Según mi papá, que apela como buen futbolero a su memoria, el partido no era gran cosa pero se sentía áspero.

A los 37 minutos del primer tiempo cada equipo se quedó con un jugador menos: Alfio Basile y Lennox. Y en el arranque del segundo, el árbitro paraguayo Rodolfo Pérez Osorio le sacó una polémica roja a Jimmy Johnstone, figura de el Celtic. Mi mamá miraba como si todo fuera su primera vez. Todo. Hasta que empezó a aburrirse y vio pasar a un heladero.

Minuto 52 del partido. “¿Me comprás un helado?”, dijo ella. El con cierto fastidio se dio vuelta y llamó al heladero.

Minuto 54 del partido. El tipo se acercó a ambos desde arriba, subió un pie en un escalón y sobre la pierna apoyó la heladerita de telgopor.

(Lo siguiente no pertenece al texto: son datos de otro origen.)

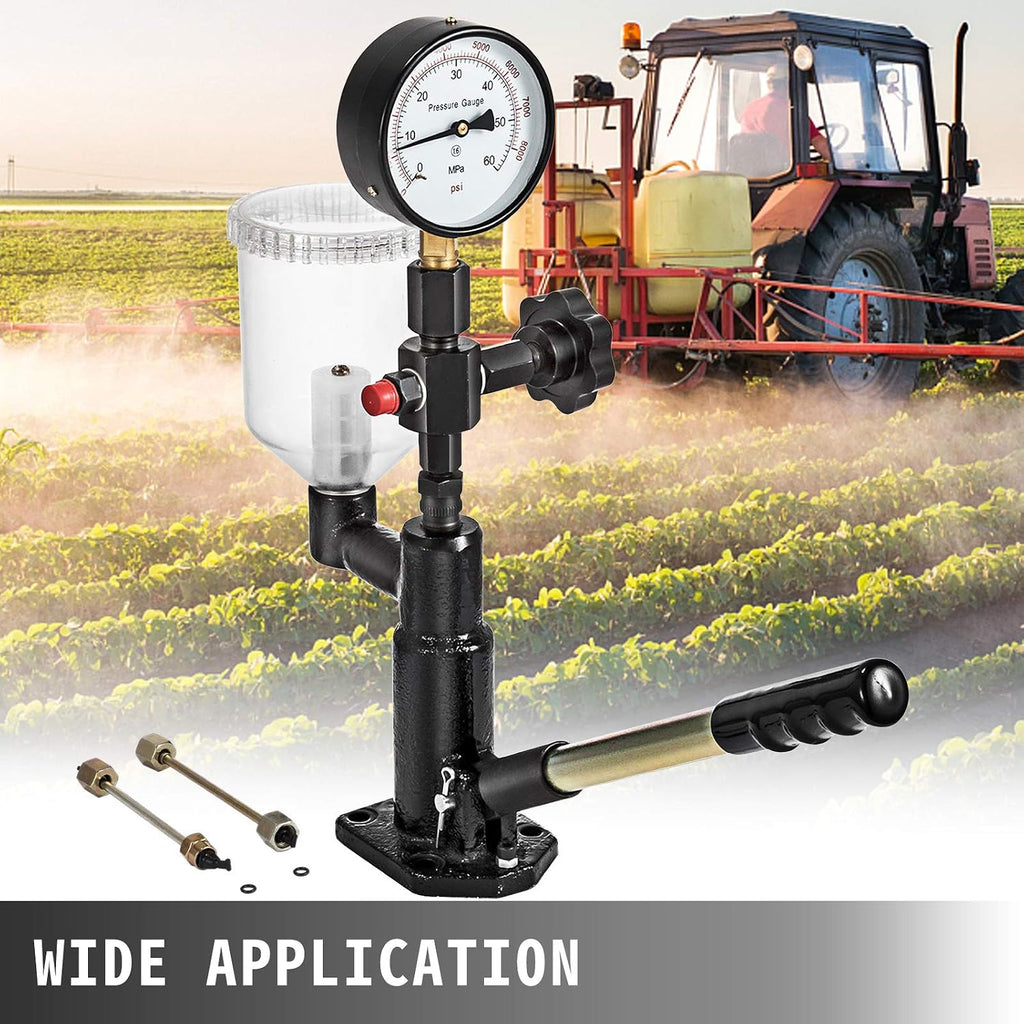 Vevor 400Bar 6000PSI Diesel Fuel Injector Tester Diesel Injector Nozzle Tester with Dual Scale Gauge to Adjust Injector Nozzle Pressure and Testing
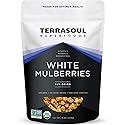 Terrasoul Superfoods Organic Sun-dried White Mulberries, 16 Oz, Sweet Superfood Snacking, Smoothie Booster, and Nutrient-Packed Yogurt Topping
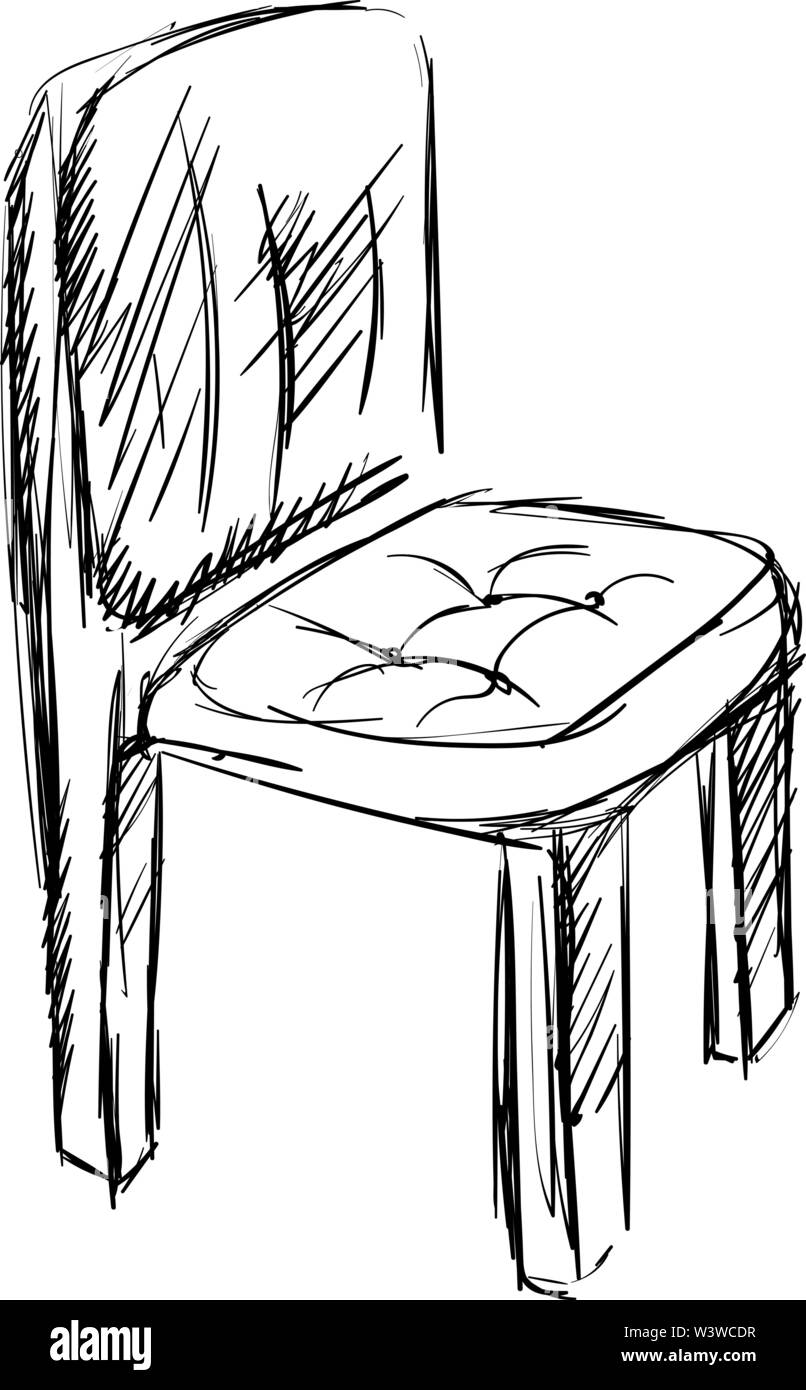 Chair drawing, illustration, vector on white background Stock Vector
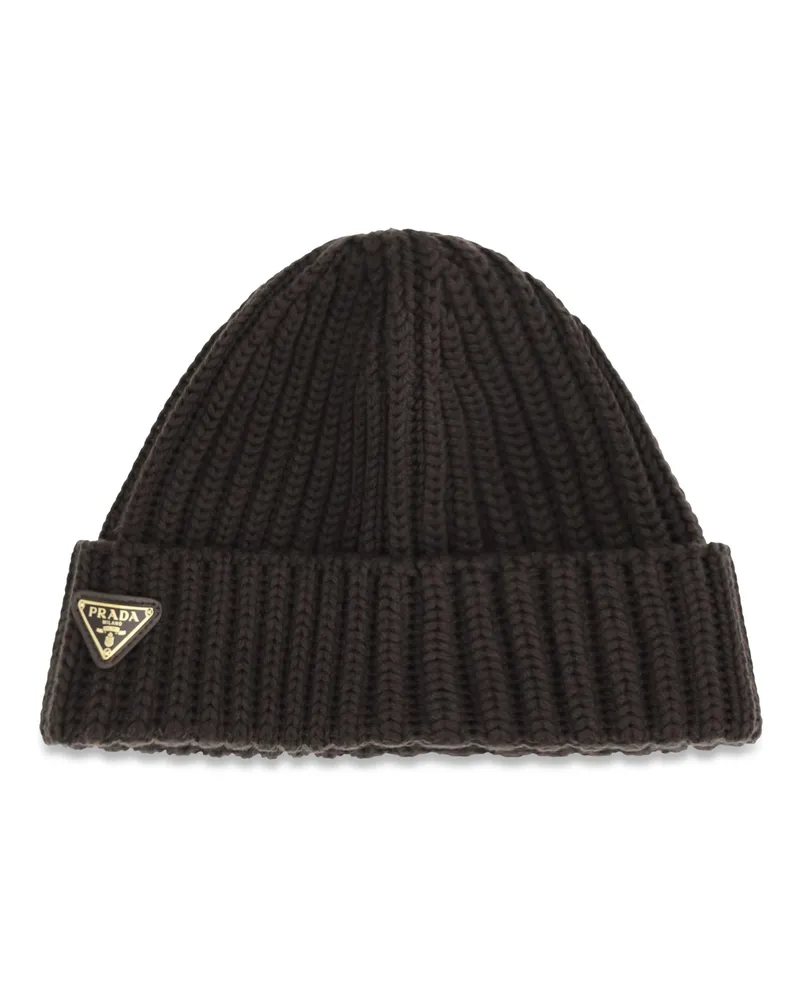 Prada 1HC3902DZL Virgin Wool Ribbed Beanie — Brown Brown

Buscó el helado.

Minuto 55. El heladero le dio el helado a mi mamá y mi papá sacó la billetera y le dio la espalda a la cancha. Impaciente, mirando hacia atrás y hacia delante, esperaba el vuelto. De golpe, en un segundo, miró cómo todos los hinchas que entraban en su campo visual gritaban Goooooooooooooollllll. Detrás de su nuca, Gooooooooooooolllllllllllllll. Era el minuto 56 del partido. Gooooooooooooooooooooooooooooooooo!!!!!!!!!!!!!!!!!!

El Chango Cárdenas había metido un zurdazo de media distancia. Mi papá no lo vio.


“Cárdenas, abierto Maschio a la izquierda, Cárdenas, gooooooooooooool de Racing, terrible impacto de Cárdenas, la Argentina en ventajaaaaaaaa”. Así lo grito Fioravanti. Así, en blanco y negro, lo escuchó mi papá al llegar a Rosario. Así lo cuenta él, una y otra vez de memoria, hasta el día de hoy. No se olvida más de ese viaje, ni de la genialidad de Cárdenas, ni del helado.